Retrieval of aerosol properties from ceilometer and photometer measurements: Long-term evaluation with in situ data and statistical analysis at Montsec (southern Pyrenees)

Abstract

Given the need for accurate knowledge of aerosol microphysical and optical properties with height resolution, various algorithms combining vertically resolved and column-integrated aerosol information have been developed in the last years. Here we present new results of vertically resolved extensive aerosol optical properties (backscattering, scattering and extinction) and volume concentrations retrieved with the GRASP (Generalized Retrieval of Aerosol and Surface Properties) algorithm over a 3-year period. The range-corrected signal (RCS) at 1064 nm measured with a ceilometer and the aerosol optical depth (AOD) and sky radiances from a sun/sky photometer have been used as input for this algorithm.
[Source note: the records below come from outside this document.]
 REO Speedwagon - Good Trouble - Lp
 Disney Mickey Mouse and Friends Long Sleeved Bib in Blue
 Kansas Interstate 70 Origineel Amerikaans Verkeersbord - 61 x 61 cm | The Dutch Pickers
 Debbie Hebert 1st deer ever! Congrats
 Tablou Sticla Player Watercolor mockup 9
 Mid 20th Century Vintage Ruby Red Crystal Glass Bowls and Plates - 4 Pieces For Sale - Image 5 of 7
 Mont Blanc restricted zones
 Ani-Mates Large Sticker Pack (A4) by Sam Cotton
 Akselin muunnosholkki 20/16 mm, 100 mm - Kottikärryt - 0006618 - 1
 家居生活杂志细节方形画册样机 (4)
We perform a detailed evaluation of GRASP retrievals with simultaneous in situ measurements performed at the same height, at the Montsec mountaintop observatory (MSA) in the Pre-Pyrenees (northeastern Spain). This is the first long-term evaluation of various outputs of this algorithm; previous evaluations focused only on the study of aerosol volume concentration for short-term periods. In general, our results show good agreement between techniques although GRASP inversions yield higher values than those measured in situ. The statistical analysis of the extinction coefficient vertical profiles shows a clear seasonality as well as significant differences depending on the air mass origin. The observed seasonal cycle is mainly modulated by a higher development of the atmospheric boundary layer (ABL) during warm months, which favors the transport of pollutants to MSA, and higher influence of regional and North African episodes. On the other hand, in winter, MSA is frequently influenced by free-troposphere conditions and venting periods and therefore lower extinction coefficients that markedly decrease with height. This study shows the potentiality of implementing GRASP in ceilometer and lidar networks for obtaining aerosol optical properties and volume concentrations at multiple sites, which will definitely contribute to enhancing the representativeness of the aerosol vertical distribution as well as to providing useful information for satellite and global model evaluation. © Author(s) 2019.